Physical activity and fitness

Five articles [3640] described the fitness and physical activity levels of Canadian Inuit. Of these, two articles reported on a longitudinal study [36, 37], the next two articles [38, 39] were published on a cross-sectional study conducted in two Inuit regions while the fifth article reported on a multi-jurisdictional study that included other Indigenous groups [40]. In the first longitudinal study of Rode and Sheppard [36] changes in fitness levels in a Nunavut community were examined, They found that from 1969 to 1982, and for all ages and genders (except boys 9–15 years), there was a 15 % decrease in predicted maximum oxygen intake, two to four kilogram increase in body weight, an accumulation of subcutaneous fat, a loss of lean muscles, and a decrease in leg extension strength (a measure of lower body strength and fitness).

Twenty years after the 1969/1970 study, Rode and Sheppard conducted a second follow-up assessment of the fitness levels in the face of rapid acculturation process in Nunavut [37]. Longitudinal comparisons with the 1969/70 study showed decreases in physical activities, aerobic power and muscle strength, and increases in subcutaneous fats. The BMI of younger men were lower in 1989/1990 compared to the 1969/70, but significantly higher in men 40 years and above. In women, there was a slight difference for those under 40 years while the BMI was higher for women 40 years and over [37]. Two more recent articles [38, 39] described the levels of physical activity and BMI in three Nunavut communities [38] and three Inuvialuit communities [39]. According to the findings, about 89 % of respondents self-reported medium to high levels of physical activity in both regions. Despite this, approximately 72 % and 65 % of Nunavut and Inuvialuit research subjects, respectively, were either overweight or obese, with more women in the obese category than men.
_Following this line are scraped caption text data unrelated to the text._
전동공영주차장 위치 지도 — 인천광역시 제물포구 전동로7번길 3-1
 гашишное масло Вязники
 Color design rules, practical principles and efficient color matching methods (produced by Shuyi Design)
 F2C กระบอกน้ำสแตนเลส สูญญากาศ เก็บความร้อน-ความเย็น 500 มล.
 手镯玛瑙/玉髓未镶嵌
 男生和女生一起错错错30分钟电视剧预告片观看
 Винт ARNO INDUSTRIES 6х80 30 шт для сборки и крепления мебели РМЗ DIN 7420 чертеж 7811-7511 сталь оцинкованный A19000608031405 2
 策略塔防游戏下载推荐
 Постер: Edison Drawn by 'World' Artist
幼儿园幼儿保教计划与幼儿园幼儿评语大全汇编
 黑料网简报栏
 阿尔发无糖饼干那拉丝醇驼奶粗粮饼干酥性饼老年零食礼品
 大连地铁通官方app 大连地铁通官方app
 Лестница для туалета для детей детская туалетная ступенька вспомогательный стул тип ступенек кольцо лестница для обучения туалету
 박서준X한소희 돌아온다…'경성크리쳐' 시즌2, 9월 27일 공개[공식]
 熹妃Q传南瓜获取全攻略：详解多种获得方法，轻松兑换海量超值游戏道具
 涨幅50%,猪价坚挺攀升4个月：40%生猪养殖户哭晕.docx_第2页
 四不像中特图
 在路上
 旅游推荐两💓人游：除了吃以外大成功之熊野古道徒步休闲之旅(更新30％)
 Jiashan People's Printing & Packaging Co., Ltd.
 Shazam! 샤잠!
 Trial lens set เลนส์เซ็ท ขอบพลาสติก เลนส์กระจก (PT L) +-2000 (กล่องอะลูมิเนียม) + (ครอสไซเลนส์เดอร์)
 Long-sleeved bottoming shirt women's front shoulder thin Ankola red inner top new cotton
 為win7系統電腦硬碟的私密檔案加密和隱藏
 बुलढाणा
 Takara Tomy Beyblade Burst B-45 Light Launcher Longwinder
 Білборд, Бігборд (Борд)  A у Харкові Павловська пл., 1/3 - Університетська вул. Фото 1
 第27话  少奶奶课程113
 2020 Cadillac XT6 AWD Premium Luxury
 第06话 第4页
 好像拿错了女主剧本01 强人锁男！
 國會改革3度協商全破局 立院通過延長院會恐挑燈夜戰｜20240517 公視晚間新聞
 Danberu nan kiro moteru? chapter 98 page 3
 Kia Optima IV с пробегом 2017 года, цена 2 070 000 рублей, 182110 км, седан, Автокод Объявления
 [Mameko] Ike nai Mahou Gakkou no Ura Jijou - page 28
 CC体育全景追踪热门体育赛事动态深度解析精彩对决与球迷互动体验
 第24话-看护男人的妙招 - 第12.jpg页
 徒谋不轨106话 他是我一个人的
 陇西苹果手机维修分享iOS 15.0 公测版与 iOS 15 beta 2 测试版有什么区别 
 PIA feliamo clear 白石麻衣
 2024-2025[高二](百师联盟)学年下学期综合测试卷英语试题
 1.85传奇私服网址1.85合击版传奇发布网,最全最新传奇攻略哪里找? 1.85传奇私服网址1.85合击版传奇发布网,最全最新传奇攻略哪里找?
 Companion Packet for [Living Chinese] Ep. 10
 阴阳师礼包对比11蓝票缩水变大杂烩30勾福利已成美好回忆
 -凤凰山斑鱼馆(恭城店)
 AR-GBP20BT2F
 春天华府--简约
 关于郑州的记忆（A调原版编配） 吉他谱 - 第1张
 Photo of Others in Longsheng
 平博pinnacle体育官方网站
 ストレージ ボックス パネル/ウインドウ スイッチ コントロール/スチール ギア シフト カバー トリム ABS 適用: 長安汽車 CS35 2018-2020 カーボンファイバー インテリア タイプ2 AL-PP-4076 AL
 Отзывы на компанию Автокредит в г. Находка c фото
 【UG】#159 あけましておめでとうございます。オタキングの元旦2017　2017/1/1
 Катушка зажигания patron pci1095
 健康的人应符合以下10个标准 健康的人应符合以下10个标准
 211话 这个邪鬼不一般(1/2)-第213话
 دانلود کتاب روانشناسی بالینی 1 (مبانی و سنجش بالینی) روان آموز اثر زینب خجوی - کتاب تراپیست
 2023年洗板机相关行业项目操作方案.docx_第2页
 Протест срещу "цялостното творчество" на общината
There is therefore a co-existence of overweight or obesity and high levels of physical activity among the Inuit. These outcomes contradicted results from a more recent survey by Statistics Canada [40] which reported that only 31 % of Inuit were physically active at leisure time, contradicting the results obtained by Hopping et al. in which 89 % of respondents self-reported medium to high levels of physical activity [38, 39]. The inconsistencies in the findings call for new studies that utilize objective methodology for assessing physical activity levels in the population.

Determinant articles

Historical and cultural factors

Three articles [4143] reported on historical and cultural determinants of dietary behaviours and physical activity. In their cross-sectional study, Mead and colleagues [41] examined the factors influencing changing food environment and contemporary dietary practices of Inuit in two communities in Nunavut. The findings showed that, although Inuit cultural values are still being upheld in some communities today, generally, many aspects of Inuit cultural traditions have been eroded, such as hunting and food sharing practices, by the domineering influence of Euro-Canadian lifestyles, particularly among the younger generation [41]. Over the past five decades, Inuit have been increasingly consuming store-bought foods at the expense of TFs. This reflects a changing food environment and erosion of cultural traditions [41]. Other researchers [42, 43] emphasized the inextricable linkage between TFs and culture among Inuit. Findings from a cross-sectional study by Lambden and colleagues [42] among Yukon First Nation, Dene/metis, and Inuit women in 44 Arctic communities buttressed the notion that TFs are healthy, and are socially and culturally beneficial but the quality has deteriorated over time. Martin [43] reported that traditional practices around food should be seen as “symbolic” of Inuit cultural identity. Underscoring the importance of food as a cultural construction among the Inuit, Meigs [44] explained that certain cultural and social meanings are attributable to food sharing practices by Inuit, and traditional foods consist mainly of land and marine animals. The TFs are a marker of traditional and social practices which are embedded in Inuit cultural identity [44]. Thus, over several decades colonization and globalization have profoundly contributed to the erosion of Inuit cultural traditions including the traditional food gathering, consumption, and sharing practices.

Climatic factors

Two articles [18, 45] described the impact of the physical environment such as climate change on diet selection. Wesche and Chan [18] conducted a regional case study analysis with Inuvialuit elders to determine the impact of climate change on nutritional health. The study showed that virtually all aspects of species abundance, migration patterns and wellbeing are affected by climate change. Hunter-gatherer movement patterns had equally changed in response to food species migratory patterns which were reportedly influenced by climate change [18]. In another cross-sectional study [45], bivalent effects of environmental changes were observed, ranging from migratory patterns of land and marine animals, to quality and availability of food animal species. Although no consistent trends were observed in the study, many aspects of the findings were corroborated by Wesche and Chan [18]. Despite the ambivalence about the impacts of climate change in the Arctic, it is increasingly becoming evident that both availability and quality of some food species are being affected.

Socioeconomic factors

A total of nine articles [4654] described the influence of education and income on consumption patterns of Canadian Inuit. In Nunavut [46] and Inuvialuit [47], Hopping and colleagues found a positive correlation between education attainment and higher income with increased frequency of fruit and vegetable consumption. Three articles [48, 49, 51] reported on the livelihood challenges facing Canadian Inuit in the face of rapid socioeconomic and climate changes in the Arctic. In the first two articles [48, 49] research participants in Igloolik community in Nunavut identified socioeconomic factors that include availability and affordability, high cost of harvesting TFs, poor budgeting skills, low education and poor knowledge of nutrition, as challenges to accessing healthy foods. These results were corroborated by earlier findings by Lambden et al. [50], which noted further that the extent of the problem varied across communities [50].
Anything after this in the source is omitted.